I tried to imagine what type of questions they might ask. "Are you up to date in the latest techniques of folding?" "How are your mannequin positioning skills?" "List your three greatest strengths." I have no idea. The closest that I have come to such temporary-I-say-I-need-a-job-but really-just-a-paycheck type employment was a brief out of my mind idea to be a night stocker at Target; while in graduate school and with a full-time day job. I still cant justify that masochistic insanity.

However, in the realm of ministry type interviews I am, I'd say, dang good. Maybe some of it is because it is really my passion therefore people are drawn in to that timbre in my voice and I swagger just enough brashness to come across as confident. Sitting in a room in front of a committee where one normally grovels for a job I'm the one pushing back saying "Can you handle me?" Either way, I actually love interviews. Because if I'm good enough I just might get approval.

We have been conditioned to want, no, need things we either have no use for or, worse, already have. The one I have isn't good enough so I need to trade in for a better model when the one in my possession is really all I need (READ: iPhone you played to my emotions).

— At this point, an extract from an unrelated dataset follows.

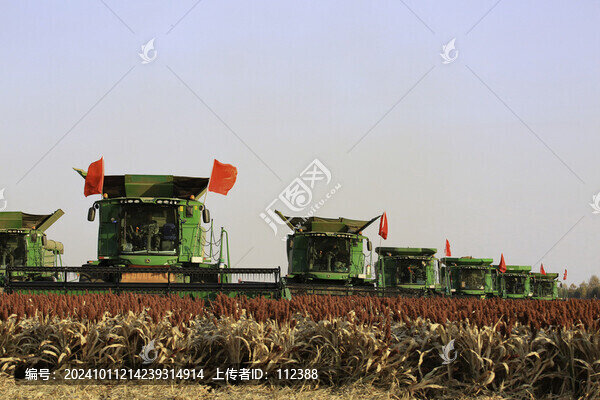 秋收紅高糧顆粒歸倉(cāng)收割機(jī)大糧倉(cāng)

The reason I'm good at interviews is that I need approval. The reason I can overwork myself is that I need approval. The reason I can spend hours in the gym is that I need approval. The dream for someone to fall for me is that I need approval.

But truth be told, I already have it.

It's the knowing of every hair on my head, every step I would take before I was born, and while I was yet a sinner. Approval that has no need to be traded in for a newer, more complete model.

I'm thankful to be able to see and interpret the nuances of a life I enjoy. Driving on a four lane highway at 3am in Texas recently I almost ran into a donkey. That's right, a real live donkey was just standing in the highway. As I recollected the tale, someone who has heard many of these type of stories from me recanted "I love your life".

I've heard people describe me in many ways over the years; intense, funny, daring. Recently though I've begun to hear through the voice of a close female, um, friend one I hadn't embraced before.

Man.

"Remember you're dealing with a man, not a boy", she was told and it has directly and indirectly reappeared in a number of our conversations. Implications of both approval and fear from my perspective. Can I still have the heart of a child; unfettered and adventurous? Am I assumed to be calloused and weathered? Shouldn't I have more of life figured out by now?

Recalling that I am already approved, I need not clamor to appear anything other than myself. Rather, I can enjoy discovering what this word man means.

Courageous. Sensitive. Provider. Leader. Wise. Champion. Hero. Fearless. Daring. Responsible. Mature. Caring. Protector. Forgiving. Christ-like.

So with that same board room brashness I can say "I'm still learning, but I was made for this stuff". Of course I was. I've already got the approval where it counts that says so. I don't have to claw my way to the top of the man-ladder, trading one image in for another gained through outward acts.

Though I do wonder if that hipster got the job.